Concentrations of power do not always respect the rights of persons. If
one denies this fact one gets: concentrations of power always respect
the rights of persons. This does not correspond with our experiences.
Concentrations of power characterize our society. Concentrations of power
force persons to concentrate on participating in competition and power
games, in order to create a social position for themselves. Concurrently
with the concentrations of power dominating our conscious mind and being
decisive to our situations, the significance of our fellow humans diminishes.
And our own significance becomes the significance we have for concentrations
of power, the growth of concentrations of power, and the conflicts of
concentrations of power.
It is clear that persons should be consciously aware of the rights of
persons and therefore must seek to organize the smallest concentrations
of power possible. It is obvious that artists too must be conscious of
persons, the rights of persons and the influence of concentrations of
power and thus must be concerned with politics. It is obvious that also
artists must first and foremost be concerned with creating consciousness
about what we know, and with attempts to live and behave in correspondence
with what we know, and with trying to organize in as small concentrations
of power as possible. In this way we have a case where the fundamental
ethical norm and thus ethics become decisive for aesthetics. A case where
politics becomes decisive to the performance of art. Aesthetics must first
and foremost be an examination of, and the science about, possibilities
to exist with as small concentrations of power as possible and organize
ourselves in a way so that we respect each others' rights. In a way that
makes room for persons and that which has significance to them in their
daily life.
This opens up a way of thinking about art which does not represent a new
trend or a new direction, but discloses some basic relations which are
and have always been present whenever one talks of art phenomena.
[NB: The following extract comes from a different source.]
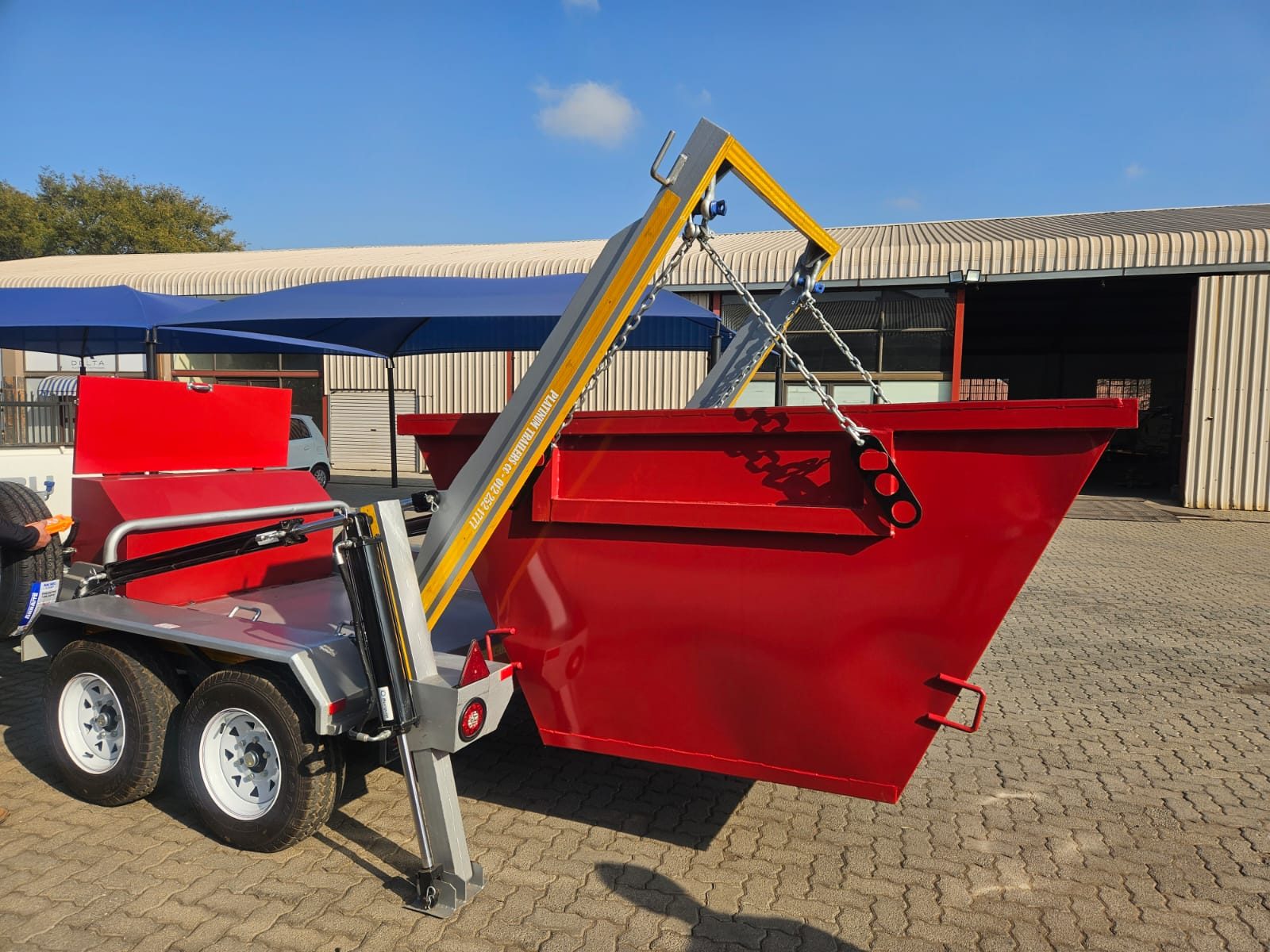 Platinum Trailers CC Skip Bin Trailer. – photo 8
This is not an attempt to describe precisely what art is, on the contrary,
it is an attempt to show that any phenomenon related to art can be described
in an infinite number of ways, none of which can be exhaustive, and one
can therefore never say precisely what it is. But one does have the possibility
to point out certain logical relations and factors which one has to respect
if one wants to talk of art in a way that makes sense and without consideration
to subjective opinions, power games, and social conventions.
Furthermore, we can show that what characterizes a situation that has
to do with art is that there is a consciousness that this situation has
to do with art. If we say: "here is a situation that has to do with
art, but nobody is conscious that this situation has to do with art,"
it makes no sense
So, if there is a consciousness that something has to do with art, we
have no way of denying in a meaningful way that it has something to do
with art
This also means that there is absolutely no reason why art should restrict
itself to being only certain things or certain kinds of behaviour. The
important thing is therefore not what art is, but what art does, and in
which ways aesthetic practice relates to ethics, to other kinds of practice
and to the world. When we say that art is related to persons and thus
to ethics, this means there is an obligation for artists to consider the
ethics of their involvements and their assertions. And that everyone else
related to this practice also must consider whether and how they respect
the rights of persons.
The things and systems N55 make can be seen as diverse attempts to exist
with as small concentrations of power as possible through respecting the
diversity of persons and the situations they are in. Sharing knowledge,
finding methods of exchange not based on profits and private ownership,
avoiding overspecialisation, concentrating on general levels of language
and knowledge, are all ways of organising smaller concentrations of power.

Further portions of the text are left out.